And yes, he's coming back east, too. But, the boys and I are staying on for several days without him.

Roist and Job, excellent question - what do I plan to do? Roist phrased it as my Scarlet O' Hara "frankly my dear, I don't give a d@mn speech" and Job framed it as a new found free way of thinking. And it is both.

One thing that is changing (and this is awful) is that I don't bother giving him much of my energy at all. There's no point. He is too crazy. He still locks his door against us and presents much paranoia. I feel it's all too nuts for him to stage a comeback. And even if he woke up this instant I am just not sure what is to be said at this point. He has accused me of trying to kill him!!!

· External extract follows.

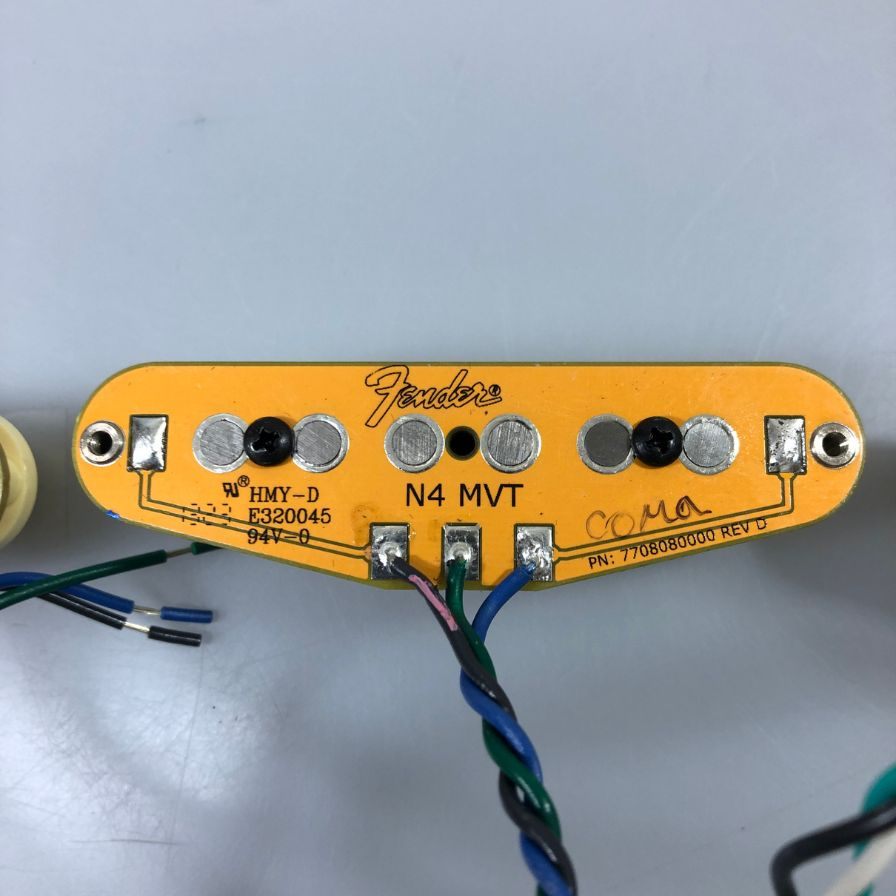 フェンダー ウルトラノイズレス ホット ストラトキャスター ピックアップ Custom ML Ultra Noiseless【AFB55】【中古】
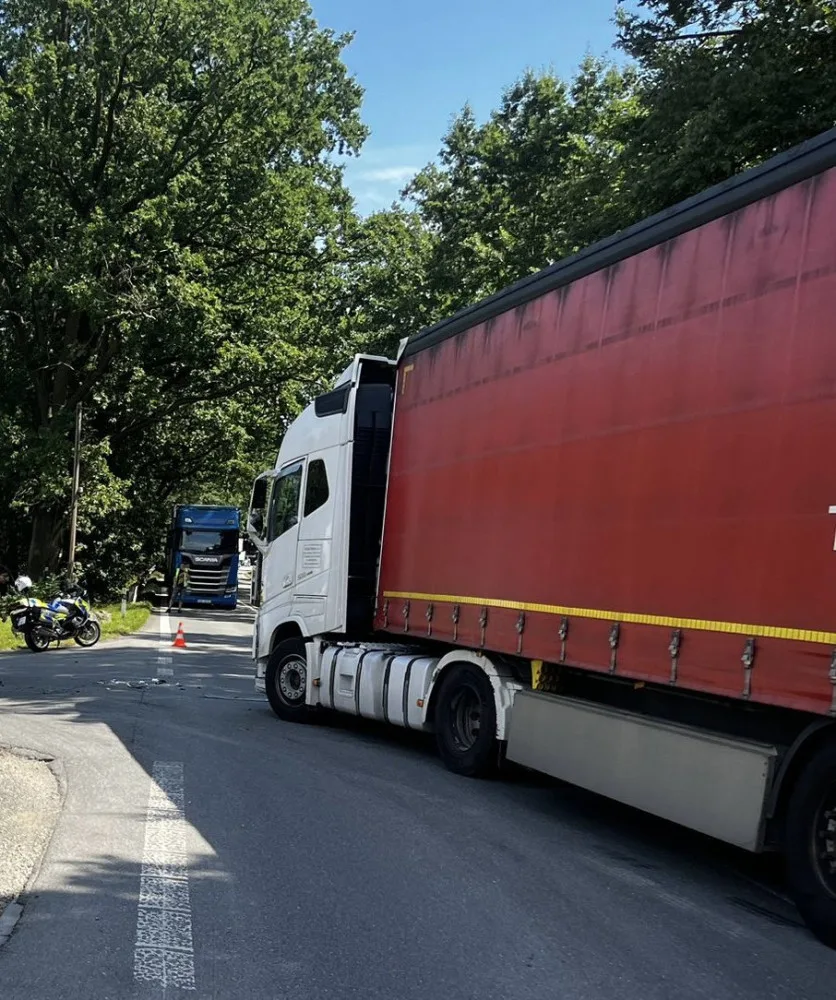Silnici u Veselí nad Lužnicí zablokovala vážná nehoda, při které se střetl motorkář s nákladním automobilem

Just letting that sink in for a bit.

Besides putting more distance between us, I am not sure what to do. As I said, it's so much more complicated than "I just need him to wake up."

In some ways I feel squeezed. Him waking up does not fix things. Him saying sorry and working on it does not fix things. I don't see a friendship with him as he is a complete weirdo. So what am I still here for, then? I don't want to share/split my kids so I feel stuck. I have zero interest in another man although I am lonely living in the house as the only adult.

I guess for now I just find more ways of making myself happy.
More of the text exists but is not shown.